Even if I could find the original packaging I think it is mostly in German.:upset:


----------



## dai (Jul 2, 2004)

i bought one of these the software that came with it was years old
i downloaded the latest software
i put it down to running win7 for it not working but it was the same on vista i ended up taking it back and getting a logitech which worked on vista straight away and as a generic on win7

this is the link to the latest,you need sp2 or later installed on the laptop

http://www.microsoft.com/hardware/d...CE&type=Webcams&name=VX3000&os=XP_SP2&lang=en


----------



## animaehawk (Feb 22, 2009)

I did that, downloaded the software, followed the directions and it still didn't work. 

I am using Windows XP not Windows Vista by the way.


----------



## dai (Jul 2, 2004)

is sp2 or sp3 installed


----------



## animaehawk (Feb 22, 2009)

I just uninstalled and then reinstalled the link you gave me. It didn't work. Exact same problem. I think the link you gave me is the exact same one I had tried earlier when I gave my first post (with the link I had used). 

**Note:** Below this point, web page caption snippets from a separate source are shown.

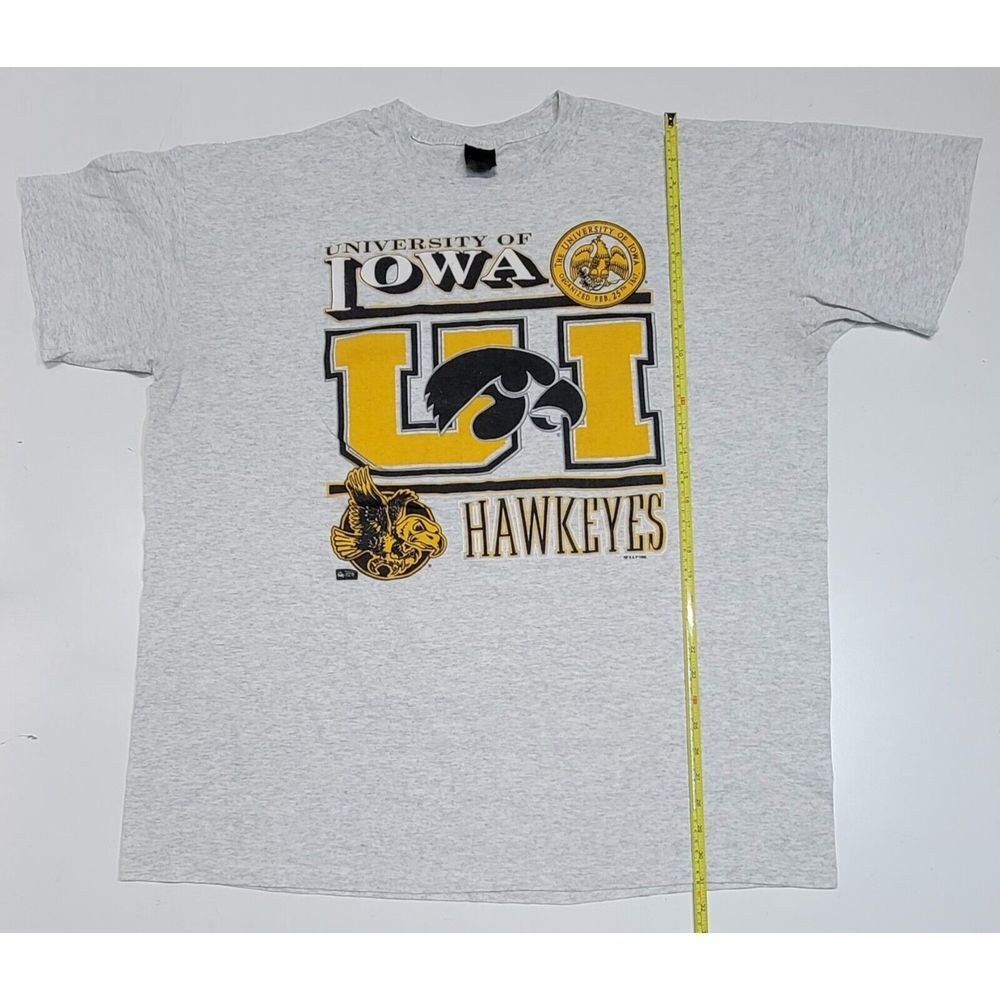 Vintage 1992 University Of Iowa Hawkeyes T Men's Size 3XLT Tallman‎ Rare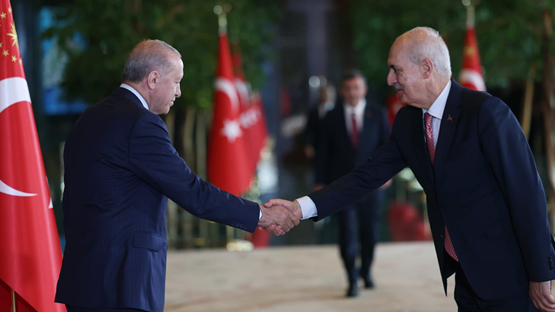 TBMM Başkanı Kurtulmuş, Cumhurbaşkanlığı Külliyesindeki Törene Katıldı - Resim: 1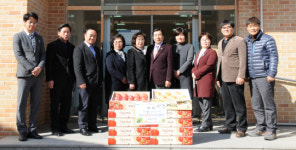 함평군의회, 설 명절 앞두고 복지시설 위문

As for Sp2 or Sp3 ....I have no idea what that means. Do explain.


----------



## dai (Jul 2, 2004)

sp2= service pack 2
in the start menu/programs/system tools
click on system information and see what it lists as your operating system
windows xp
windows xpsp1
windows xpsp2
windows xpsp3


----------



## animaehawk (Feb 22, 2009)

Microsoft Windows XP 

Professional

Version 2002

Service pack 2

(I think that hopefully answers the question)


----------



## dai (Jul 2, 2004)

yes that's ok
rma the camera


----------



## animaehawk (Feb 22, 2009)

RMA? I don't know that abbreviation.


----------



## dai (Jul 2, 2004)

take it back


----------